WHAT YOU WILL DO:
Once you find the line with "Turquoise Sun 4-pc. Melamine Pasta Bowl" in the data that follows, repeat it and every line after it exactly, through the line with "コート アウター 異素材切替ジャケット80〜140cm キッズ 子供服 男の子 女の子".

DATA FOR THIS EXERCISE:
=====
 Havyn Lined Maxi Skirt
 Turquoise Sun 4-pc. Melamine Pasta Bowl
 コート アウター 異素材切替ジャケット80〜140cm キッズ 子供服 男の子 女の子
=====
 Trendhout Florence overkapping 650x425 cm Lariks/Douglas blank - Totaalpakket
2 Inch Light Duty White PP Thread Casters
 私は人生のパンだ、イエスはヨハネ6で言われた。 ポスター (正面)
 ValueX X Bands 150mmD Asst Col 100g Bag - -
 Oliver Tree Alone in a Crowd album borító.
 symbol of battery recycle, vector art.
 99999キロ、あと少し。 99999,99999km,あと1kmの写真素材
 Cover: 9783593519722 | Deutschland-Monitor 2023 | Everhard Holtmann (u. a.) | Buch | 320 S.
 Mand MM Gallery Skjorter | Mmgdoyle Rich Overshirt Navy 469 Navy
=====
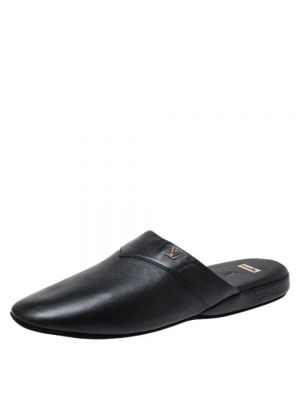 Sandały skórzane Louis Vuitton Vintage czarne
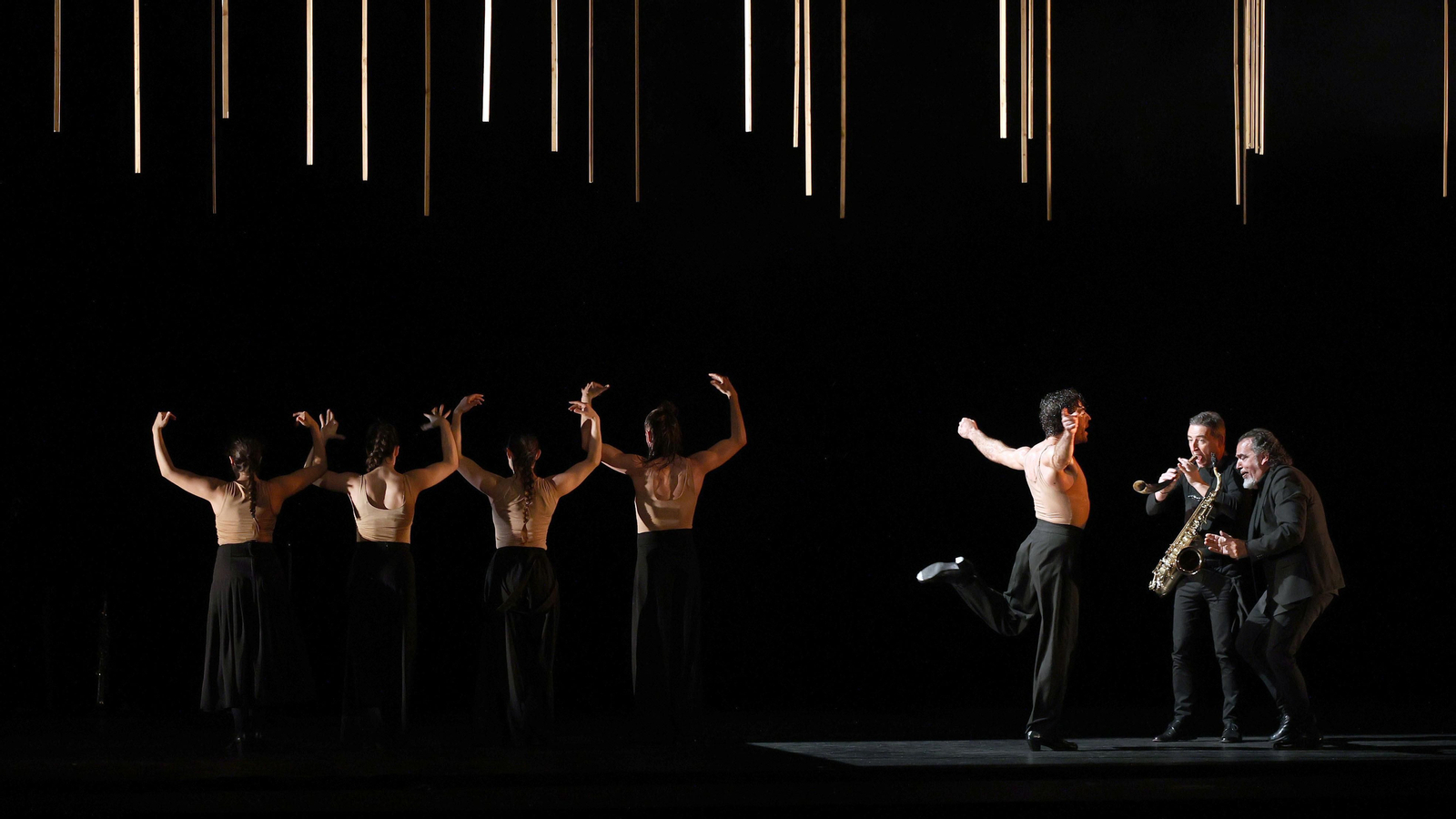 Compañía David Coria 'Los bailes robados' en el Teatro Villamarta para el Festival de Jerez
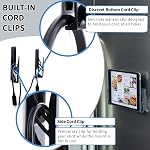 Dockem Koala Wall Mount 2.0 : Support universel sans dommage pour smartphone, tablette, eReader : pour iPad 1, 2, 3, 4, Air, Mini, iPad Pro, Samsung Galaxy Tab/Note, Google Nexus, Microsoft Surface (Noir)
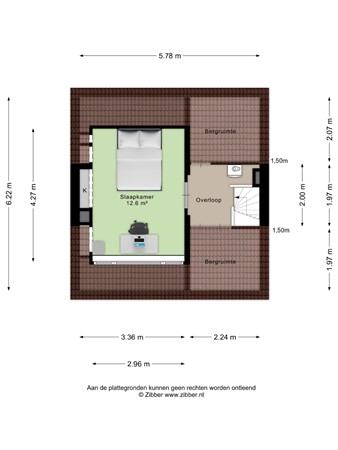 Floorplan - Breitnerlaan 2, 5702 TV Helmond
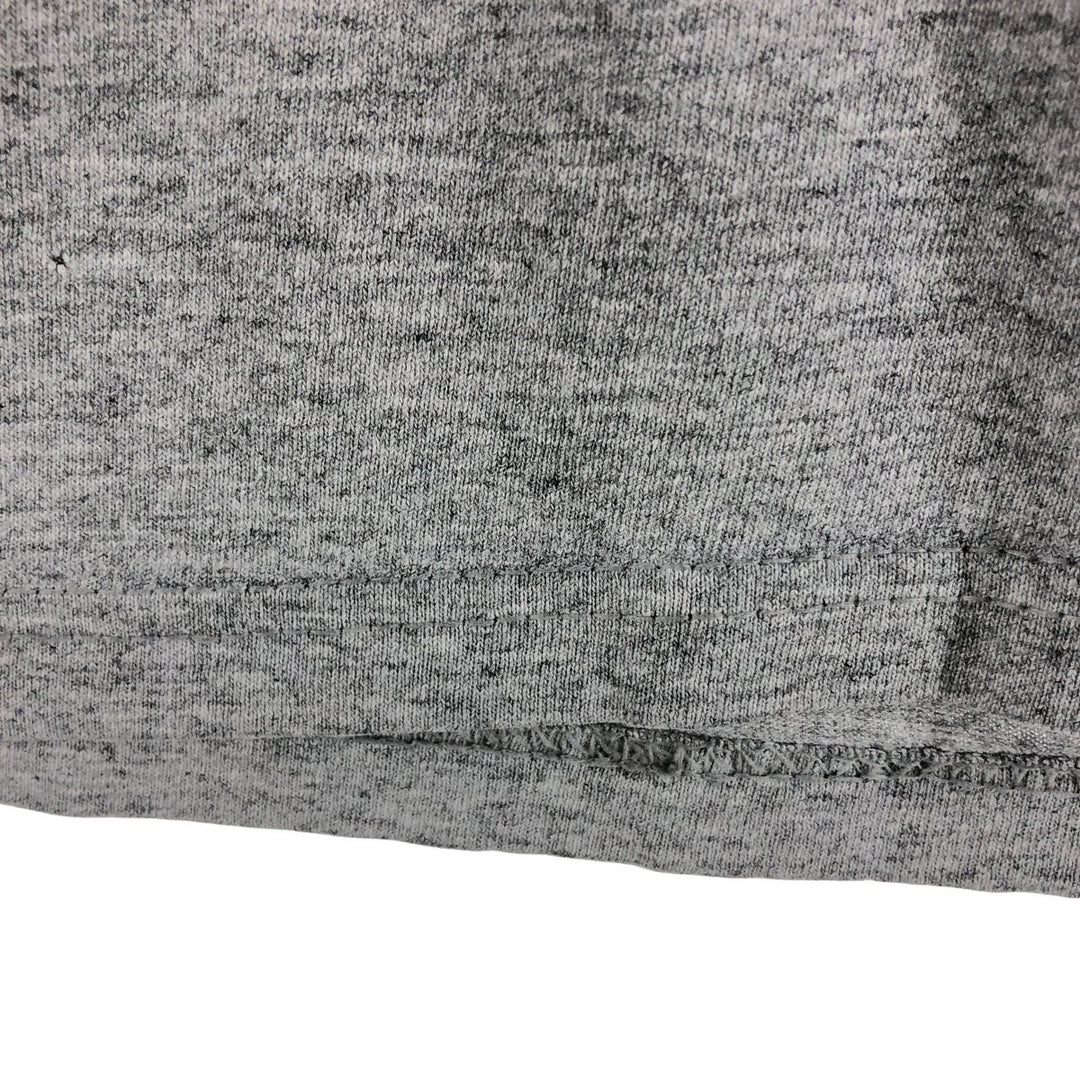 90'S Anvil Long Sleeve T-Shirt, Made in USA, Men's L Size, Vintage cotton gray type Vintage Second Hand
=====
ANSWER BOX:
 Turquoise Sun 4-pc. Melamine Pasta Bowl
 コート アウター 異素材切替ジャケット80〜140cm キッズ 子供服 男の子 女の子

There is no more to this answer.